Chin also remembers the ways in which EY nurtures an inclusive environment. He was involved in the development of the EY Pan-Asian Professional Network in 2000. Through this group, young professionals could establish or enhance their own internal career networks. But Chin recognized that even more was not just possible, but necessary. And so in June 2005, Ascend was launched at EY's Times Square location in New York City, with more than 300 people in attendance. Chin acknowledges the contributions and encouragement of many, and in particular that of EY partner Allen Boston, the champion of Ascend and "a true inspiration."
The growth of Ascend has been nothing short of remarkable. With more than 4,000 members and dozens of corporate partners, Ascend has 10 professional chapters across the US and 16 student chapters, as well as 20-plus chapters under development. In August 2008, Ascend held its inaugural national convention in New York City, with more than 1,200 registered attendees. EY Chairman and CEO Jim Turley was the keynote speaker. Through this and other programs, Ascend is helping develop the business leaders of today and tomorrow. And another sign of change, a growing number of companies have established their own Asian networks.

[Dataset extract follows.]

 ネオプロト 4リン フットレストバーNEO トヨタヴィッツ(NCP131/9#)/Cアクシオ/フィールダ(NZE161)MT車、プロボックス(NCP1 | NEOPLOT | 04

In his characteristic way of always moving forward, Chin has joined his Ascend colleagues in continuing to expand the group's programming. A series of leadership development conferences is held in several major cities. The events present opportunities for young and seasoned professionals to meet corporate executives. And in an effort to build bridges between Asian and American business cultures, Ascend presents professional development sessions that help Asians understand how they can use their Asian values as strengths to build their careers. Other sessions address the characteristics of Asian cultures and ways non-Asians can be sensitive to differences to enable success.
If you would like to learn more about Inclusiveness at EY, please contact Billie Williamson, Americas Inclusiveness Officer.
"I believe in giving back to a business community that has been very good to me," is the way Chin explains his ongoing drive and commitment to Ascend and the progress of Asian-Americans in business. And until he sees a major influx of Asian-Americans into the C-suite, he has no intention of slowing down.